The Mets have until midnight today to decide whether to tender contracts to infielder Ruben Tejada and outfielder Eric Young. Speculation has the Mets keeping Tejada and cutting Young loose for economic and practical reasons.

The Mets are uncertain about shortstop but appear to be leaning to unproven Wilmer Flores. Given the high probability of not acquiring a “name’’ shortstop this winter, the Mets need a fallback if Flores doesn’t work out. And, at a projected $1.7 million, Tejada is an inexpensive option.

Meanwhile, Young, who’ll make over $2 million, won’t start because he can’t crack the outfield of Michael Cuddyer, Juan Lagares and Curtis Granderson. Young’s 30 stolen bases would be missed, but the Mets prefer the friendly contracts of Kirk Nieuwenhuis and Matt den Dekker.

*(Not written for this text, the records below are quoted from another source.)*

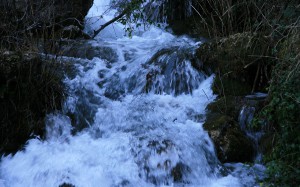 Nacimiento río Mundo 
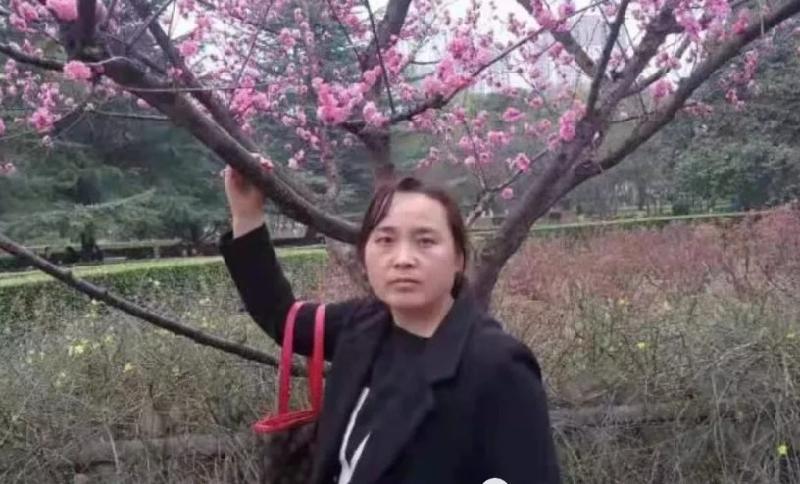联机全球发布晨晓精品诗歌（图6）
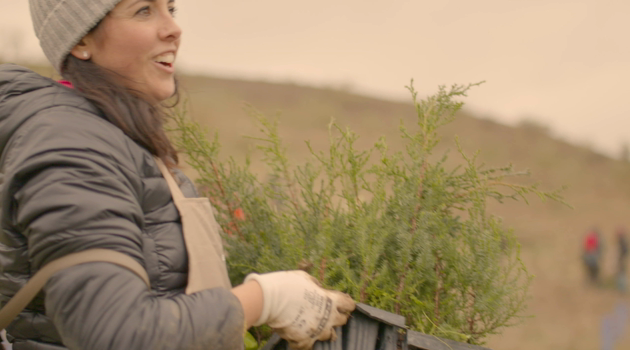 Acepte primero la política de cookies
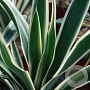 Yucca flaccida 'Ivory' GM P9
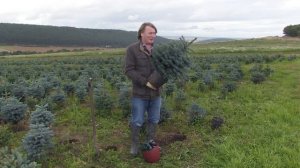 Pot Grown Christmas Trees with David Domoney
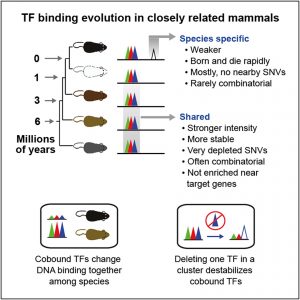 Graphical abstract for Stefflova et al 2013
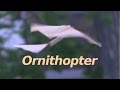 Ornithopter - Rubber Band Wing Flapping Flying Machine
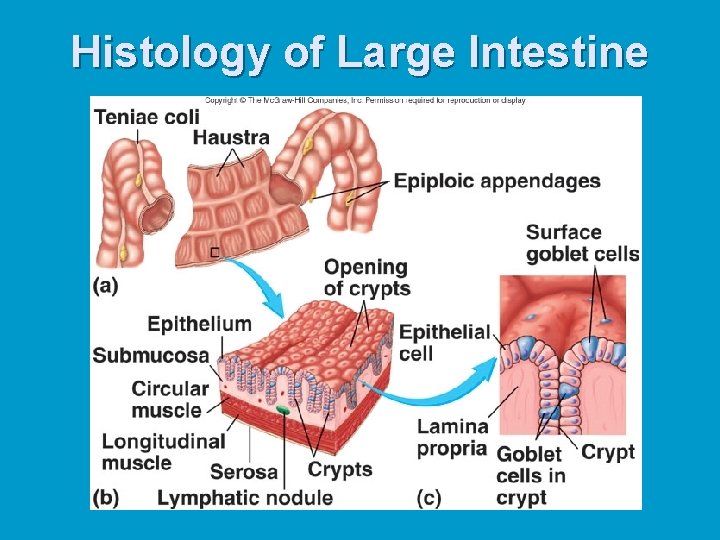 Histology of Large Intestine 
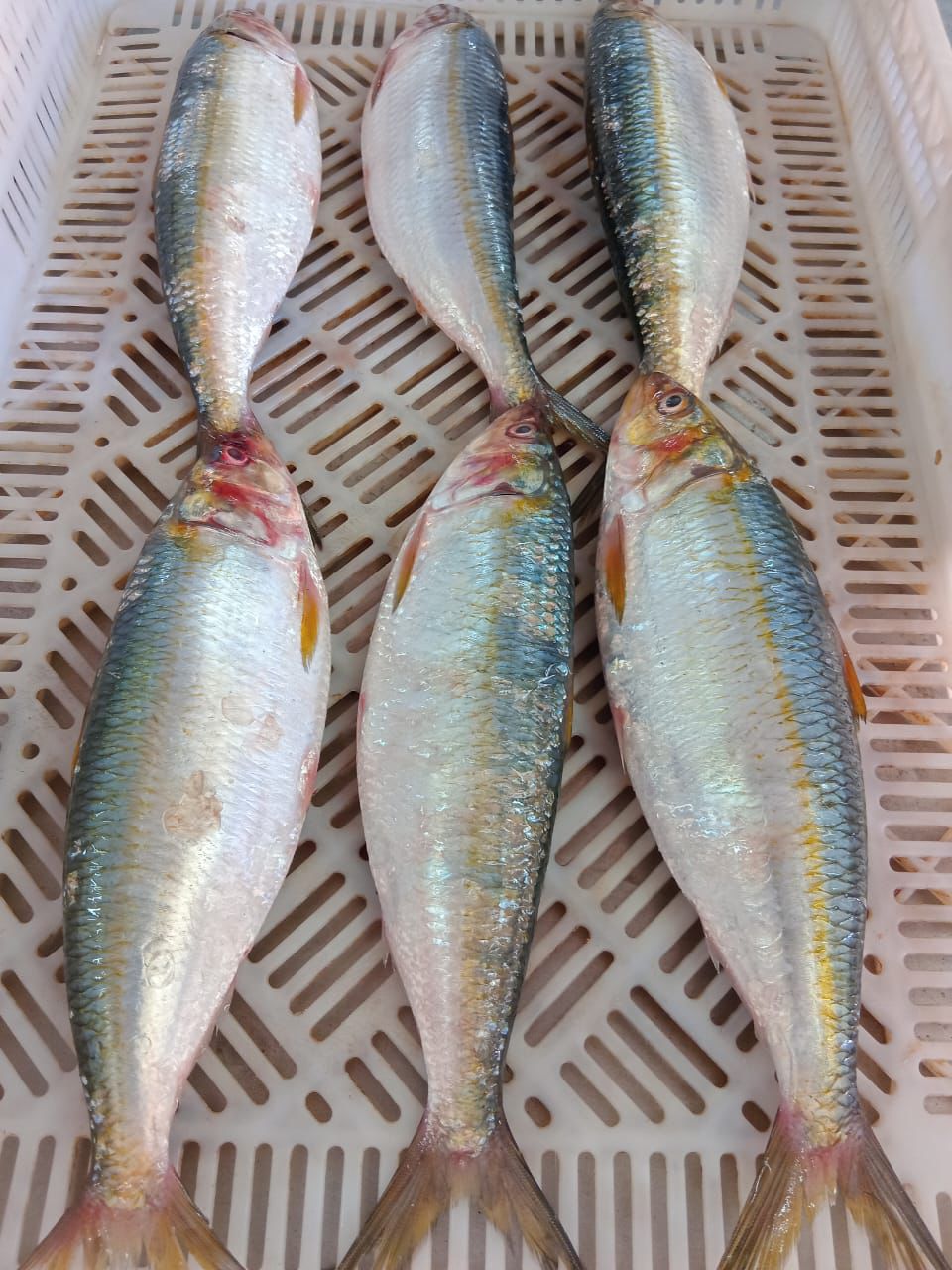 Premium quality fresh fish with excellent coloration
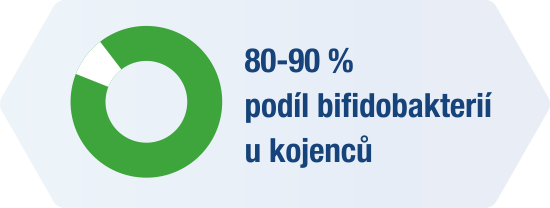 Obr&aacute;zek LINEX Baby kapky stabiln&iacute; složen&iacute; 8 ml (12)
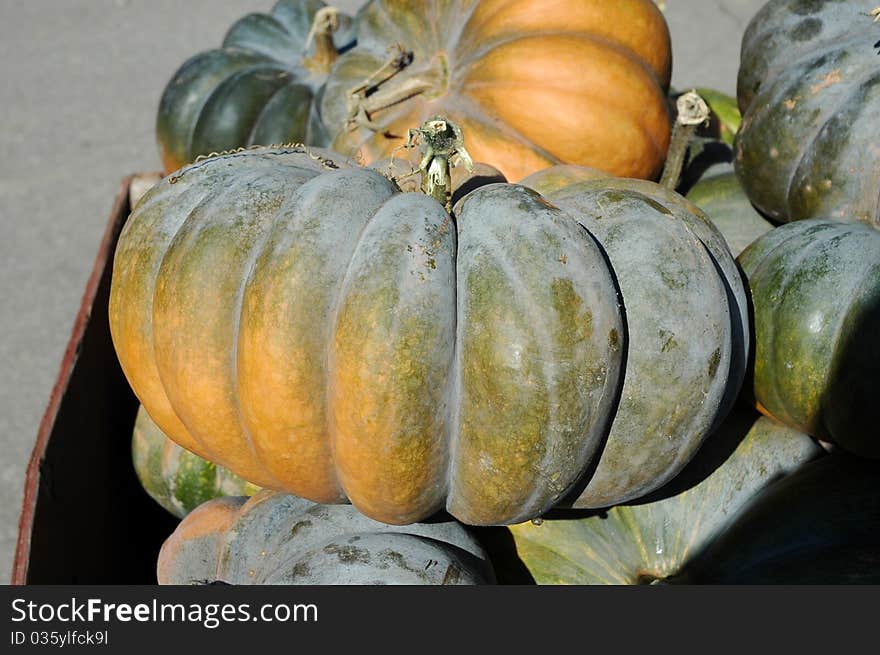 Gorgeous large green cinderella pumpkin in the autumn sunshine.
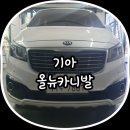 김프로카케어 이미지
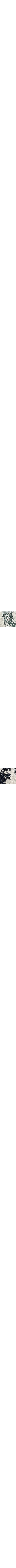 Patterned Blue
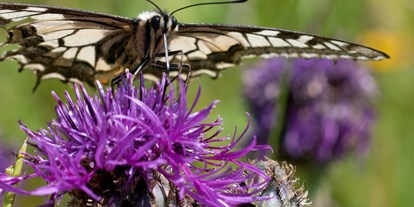 Ausflug mit Kindern - Bad Ragaz (Pfäfers) - Wie gestalte ich meinen Garten insektenfreundlich?
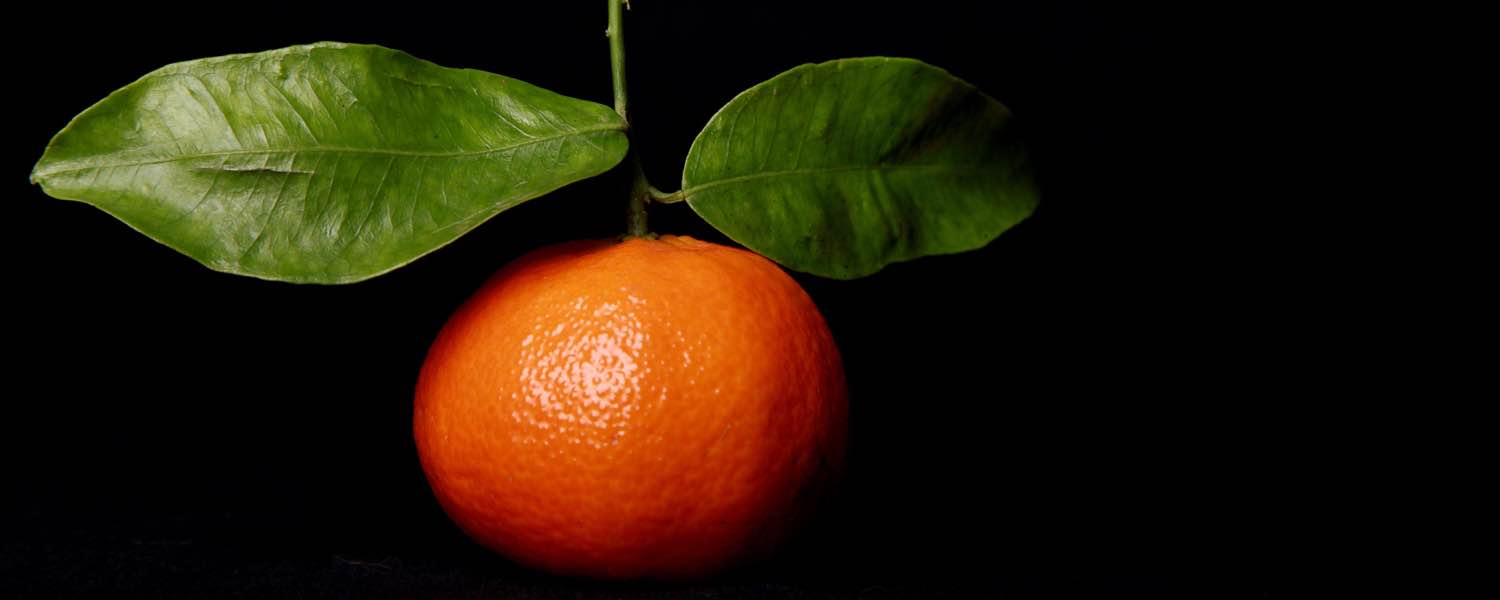 Kinnow orange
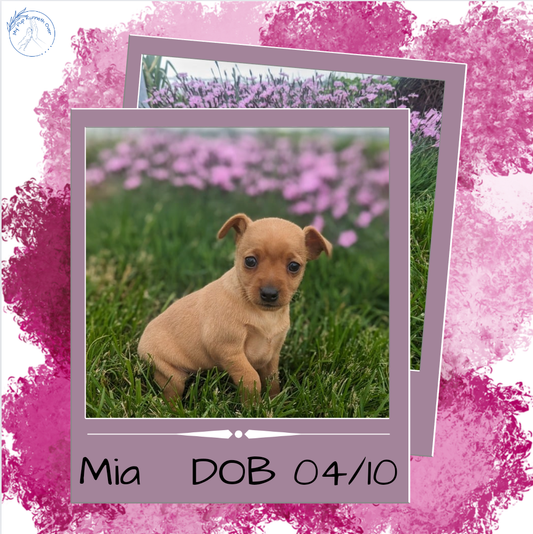 MINI PINSCHER (04/10) FEMALE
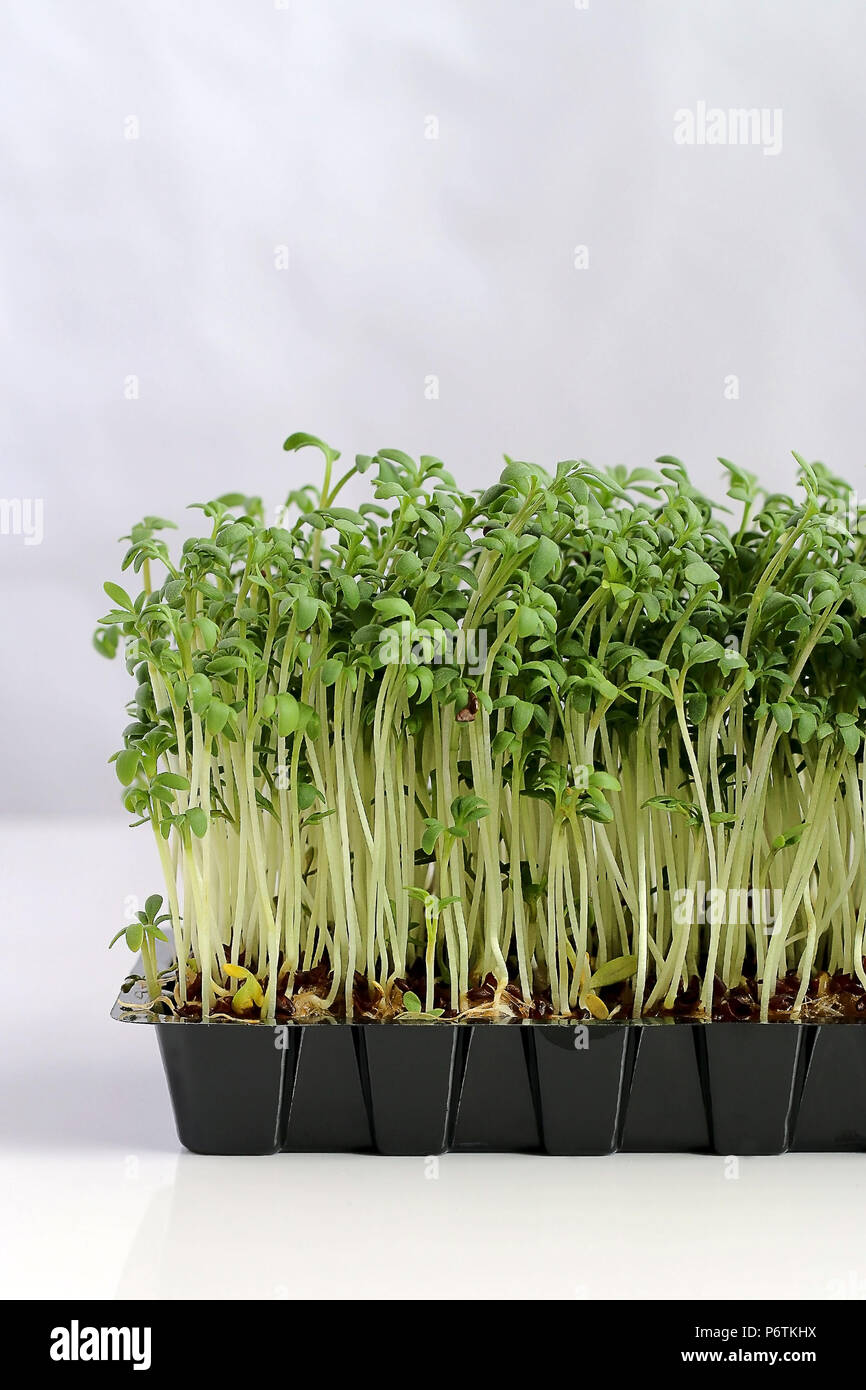 Growing Garden Cress Foto Stock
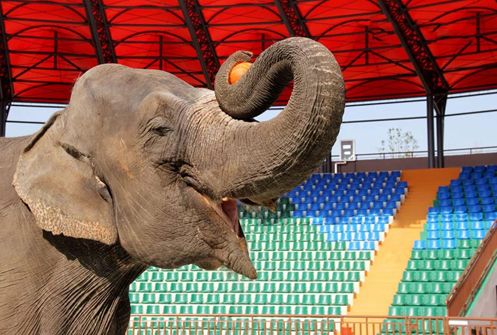 南通森林野生动物园门票团购双人,南通森林野生动物园门票活动团购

So, unless something unforeseen happens the rest of the day, Tejada will stay and Young will go. Quite simple, really.

Oct 06

Leadoff Hitter Remains A Nagging Question

Of all the Mets’ off-season questions, the matter of their leadoff hitter is one of the most intriguing. That is especially if their intent is to fill it from within.

With no budding Lou Brock or Rickey Henderson in their farm system, their best hope is on their current 40-man roster. I say that because there’s no real answer in the free-agent market and they are reluctant to trade their young pitching.

The primary in-house candidates are Eric Young, Juan Lagares, Ruben Tejada, Daniel Murphy and Kirk Nieuwenhuis. All have something they could bring to the table, but all have issues to the negative.

Young, Lagares and Nieuwenhuis have speed, but also rather low on-base percentages and a penchant for striking out too much.

Of the group, Murphy is the best hitter, but for a relatively weak lineup he’s better suited for a run-producing slot in the middle of the order. Also, Murphy’s on-base percentage, at .332, isn’t as lofty as one might think.

If Murphy is still here – a substantial question – he should be hitting between second and sixth.

As for Young, there’s an excellent chance it will be a moot point and not be brought back.

Last winter, manager Terry Collins toyed with the idea of experimenting with Tejada. The catch here is Tejada needs a position to play and that means starting ahead of Wilmer Flores, which isn’t a given.

Mets’ 11 different leadoff hitters ranked last in the majors with a .235 average and paltry a .308 on-base percentage. If they want to change that, they’ll have to hope for a breakout season from the names suggested or be willing to spend.